- [PROBLEM STATEMENT]: Your answer should be the records, copied exactly, with the pictures removed.
** MATERIAL FOR THE TASK follows **
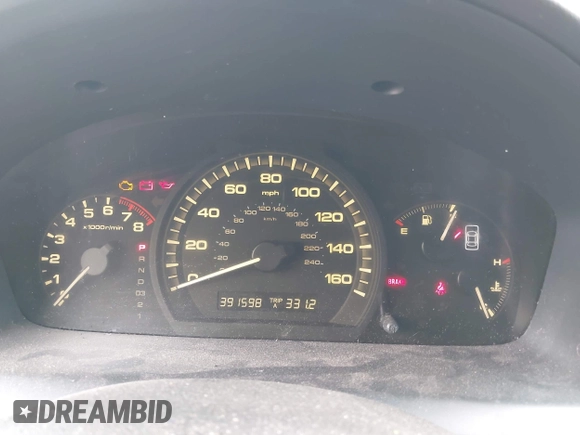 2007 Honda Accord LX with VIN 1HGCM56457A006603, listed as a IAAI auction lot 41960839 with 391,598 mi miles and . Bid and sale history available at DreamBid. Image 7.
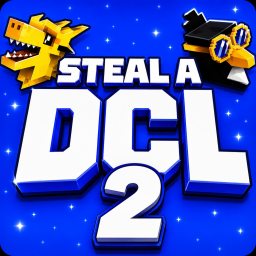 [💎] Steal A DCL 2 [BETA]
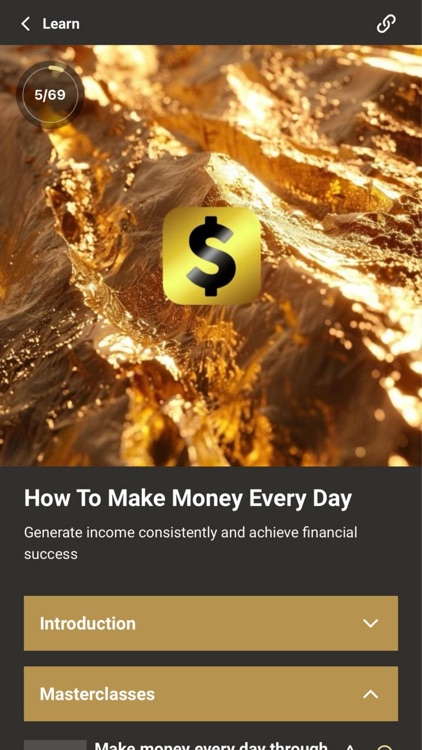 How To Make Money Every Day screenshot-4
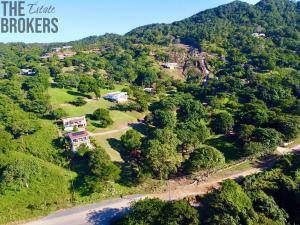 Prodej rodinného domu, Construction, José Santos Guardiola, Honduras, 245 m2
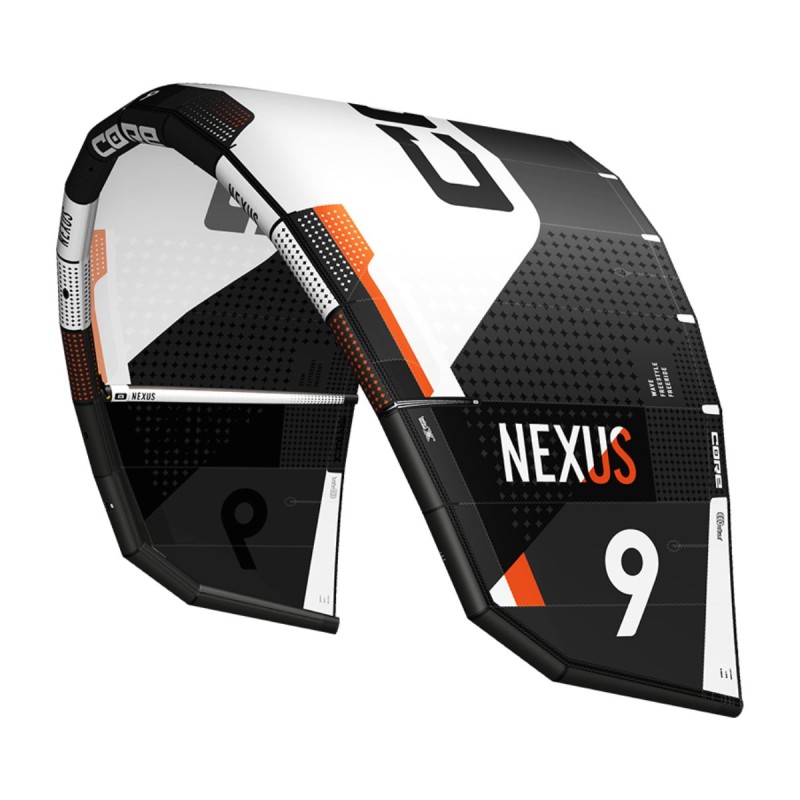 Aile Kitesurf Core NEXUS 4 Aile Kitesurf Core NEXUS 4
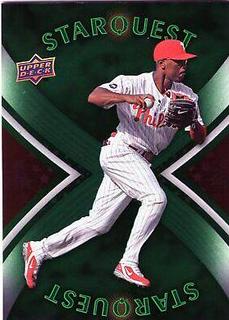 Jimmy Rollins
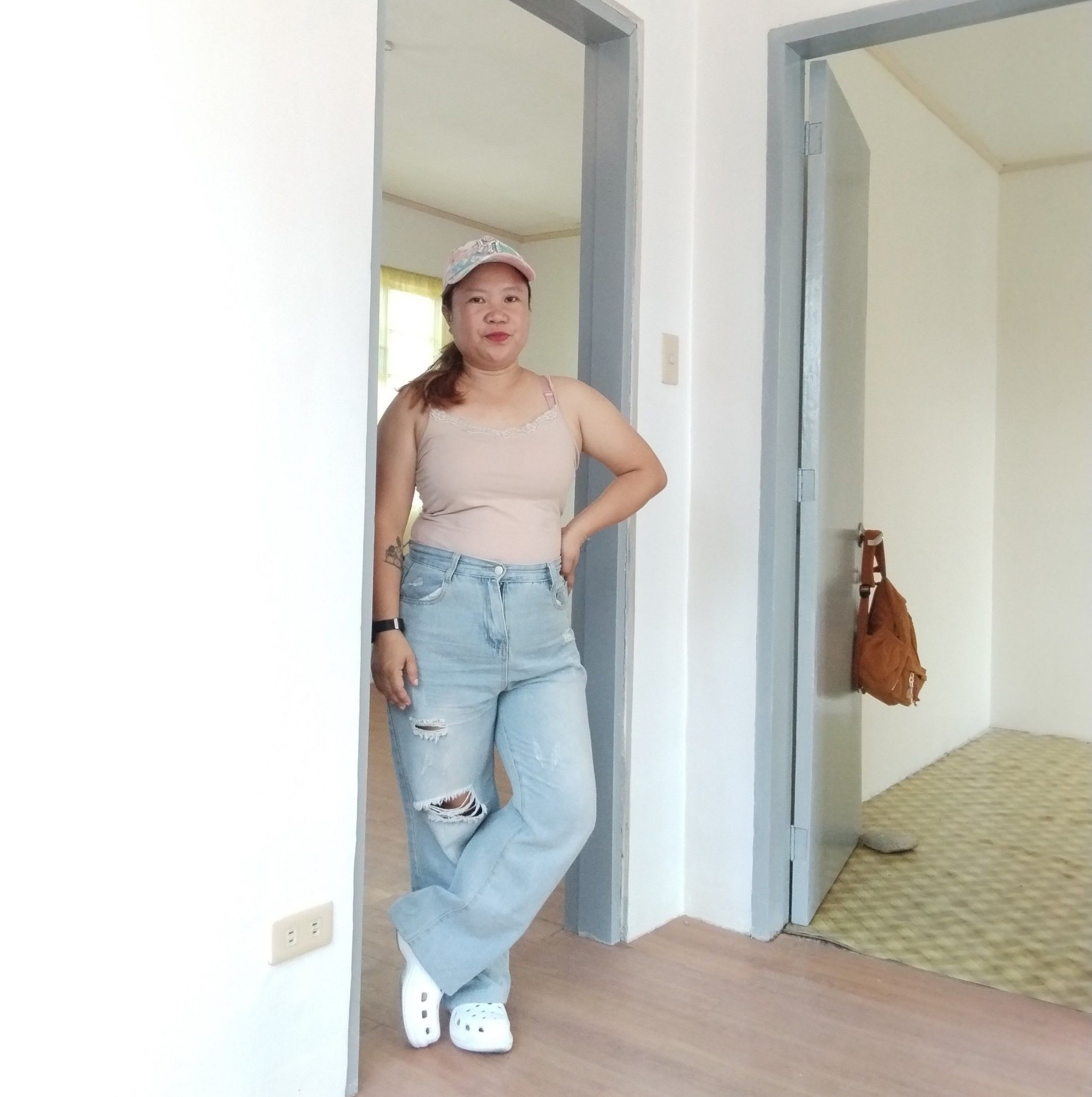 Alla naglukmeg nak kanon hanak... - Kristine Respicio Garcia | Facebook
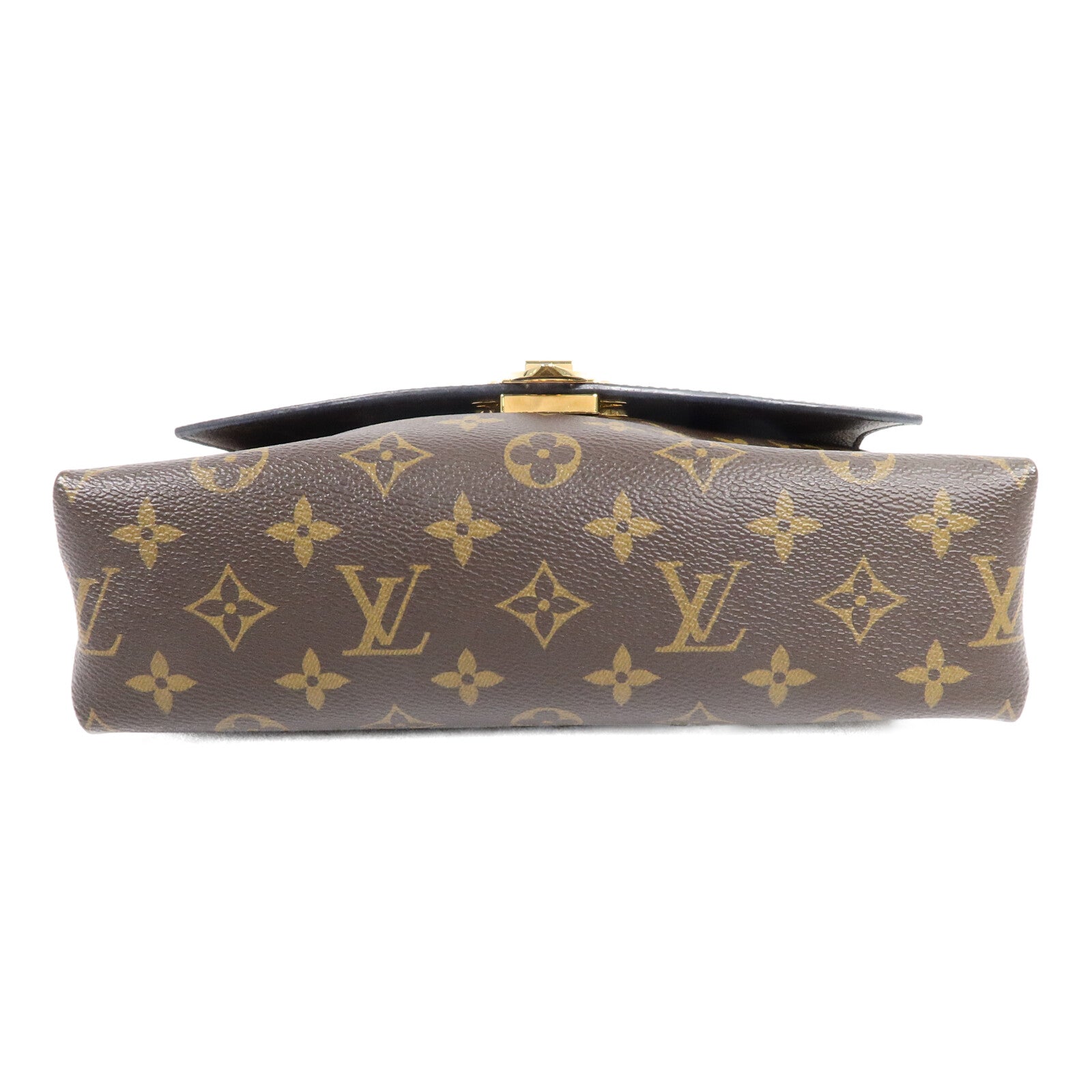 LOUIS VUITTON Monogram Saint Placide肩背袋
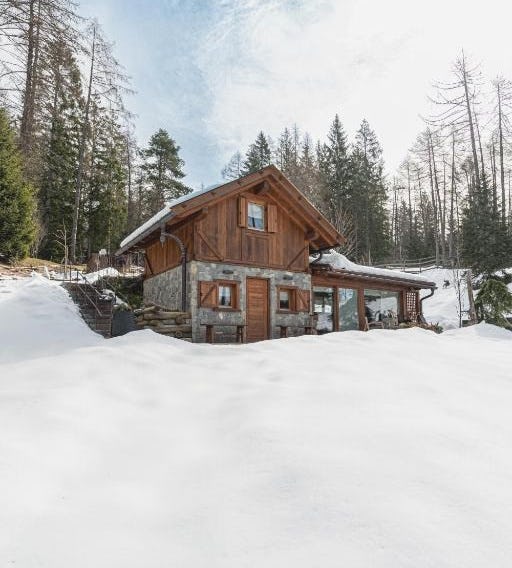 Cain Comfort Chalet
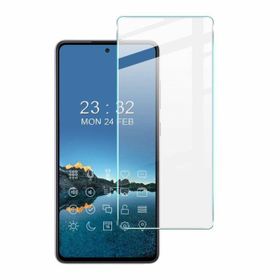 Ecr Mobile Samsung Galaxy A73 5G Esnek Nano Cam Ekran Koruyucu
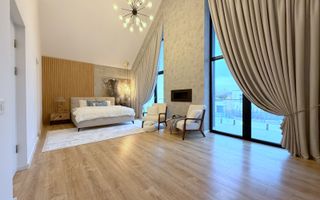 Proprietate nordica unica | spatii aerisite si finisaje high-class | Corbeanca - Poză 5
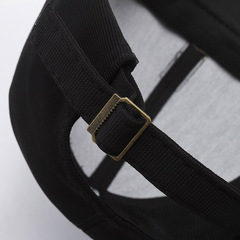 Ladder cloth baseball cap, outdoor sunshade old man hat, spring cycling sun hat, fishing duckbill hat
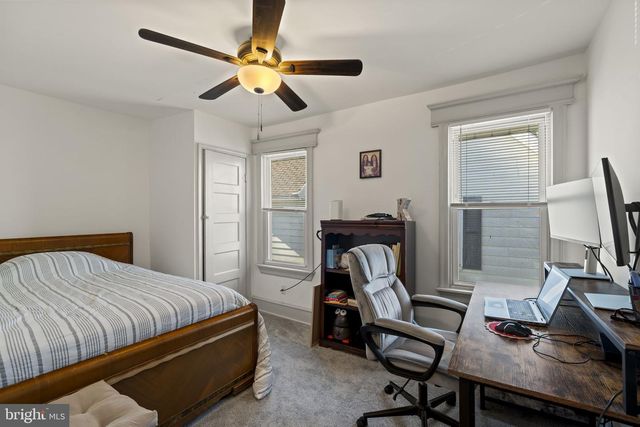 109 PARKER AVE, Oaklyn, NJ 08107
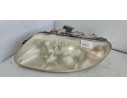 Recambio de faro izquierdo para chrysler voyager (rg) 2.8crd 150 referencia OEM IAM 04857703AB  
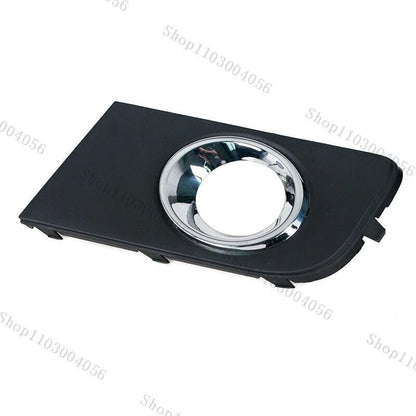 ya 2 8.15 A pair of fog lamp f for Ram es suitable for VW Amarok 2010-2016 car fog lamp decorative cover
** End of MATERIAL FOR THE TASK **
- [REPLY]:
 2007 Honda Accord LX with VIN 1HGCM56457A006603, listed as a IAAI auction lot 41960839 with 391,598 mi miles and . Bid and sale history available at DreamBid. Image 7.
 [💎] Steal A DCL 2 [BETA]
 How To Make Money Every Day screenshot-4
 Prodej rodinného domu, Construction, José Santos Guardiola, Honduras, 245 m2
 Aile Kitesurf Core NEXUS 4 Aile Kitesurf Core NEXUS 4
 Jimmy Rollins
 Alla naglukmeg nak kanon hanak... - Kristine Respicio Garcia | Facebook
 LOUIS VUITTON Monogram Saint Placide肩背袋
 Cain Comfort Chalet
 Ecr Mobile Samsung Galaxy A73 5G Esnek Nano Cam Ekran Koruyucu
 Proprietate nordica unica | spatii aerisite si finisaje high-class | Corbeanca - Poză 5
 Ladder cloth baseball cap, outdoor sunshade old man hat, spring cycling sun hat, fishing duckbill hat
 109 PARKER AVE, Oaklyn, NJ 08107
 Recambio de faro izquierdo para chrysler voyager (rg) 2.8crd 150 referencia OEM IAM 04857703AB  
 ya 2 8.15 A pair of fog lamp f for Ram es suitable for VW Amarok 2010-2016 car fog lamp decorative cover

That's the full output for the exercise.